El tobogán japonés
George Bush ha evitado durante su estancia en Japón recetar al primer ministro, Junichiro Koizumi, los remedios para salir de una crisis económica alarmante. El líder estadounidense se ha limitado a pedirle en privado que acelere las reformas para sacar a Japón de su recesión profunda -que compromete la recuperación de EE UU-, mientras en público mostraba su apoyo sin fisuras por la labor del colorista jefe del Gobierno japonés. Los asesores de la Casa Blanca son menos caritativos. Creen que son necesarias medidas drásticas para sanear un sistema bancario con más de 320.000 millones de dólares incobrables y detener la debilidad del yen. La misma supervivencia de Koizumi está en entredicho.

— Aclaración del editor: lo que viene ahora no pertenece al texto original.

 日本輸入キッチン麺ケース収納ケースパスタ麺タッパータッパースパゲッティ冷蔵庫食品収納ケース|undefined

Nada es nuevo en el lento declive del país que sigue ocupando el segundo puesto de las economías mundiales. Si acaso, que se van perdiendo las esperanzas de que un golpe de timón sea capaz de evitar el deslizamiento japonés hacia la irrelevancia económica, con su inevitable correlato político, o, peor aún, hacia una crisis financiera abierta que dinamite los fundamentos de lo que hace una década se consideraba un modelo. Parecía que ese cambio de rumbo podía venir de la mano de Koizumi, el aparente rebelde del petrificado partido gobernante, que consiguió el pasado abril una victoria resonante aderezada con una cuota de aceptación desconocida. Pero el milagro Koizumi se desvanece a ojos vistas, a la vez que su popularidad, y Japón se enfanga en una recesión que dura más de dos años.

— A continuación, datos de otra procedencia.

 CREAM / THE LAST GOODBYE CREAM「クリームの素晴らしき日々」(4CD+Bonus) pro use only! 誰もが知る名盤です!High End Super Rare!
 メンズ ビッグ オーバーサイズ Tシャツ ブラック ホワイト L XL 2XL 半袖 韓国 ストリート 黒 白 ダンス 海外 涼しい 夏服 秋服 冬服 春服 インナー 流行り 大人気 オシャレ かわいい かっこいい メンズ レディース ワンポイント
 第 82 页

El tiempo está poniendo crudamente de relieve que el primer ministro, pese a su brillante salida, no manda mucho más que sus antecesores, prisioneros a su vez de la aherrojada maquinaria del Partido Liberal Democrático y sus intereses electorales. Es cierto que casi cada mes se habla de alguna nueva iniciativa gubernamental para enderezar una economía en la que los precios siguen cayendo, desciende el PIB, aumenta el déficit público y el desempleo alcanza, con casi el 6%, cotas históricas. Pero falta la voluntad política para poner los remedios, porque los cambios que Japón necesita imperiosamente -y cuya ausencia lleva a las agencias crediticias a colocar su solvencia a la altura de países subdesarrollados- amenazan a un partido cristalizado y al conglomerado de intereses que le sustentan y financian.
El estilo iconoclasta de Koizumi convenció a las bases de su partido de que iba a ser capaz de vencer las titánicas resistencias antirreformistas. Cerca de un año después, Japón adolece de los mismos males que le han convertido en enfermo crónico. Y Koizumi comienza a parecer un nuevo paréntesis en un magma político-económico aparentemente inmune al cambio.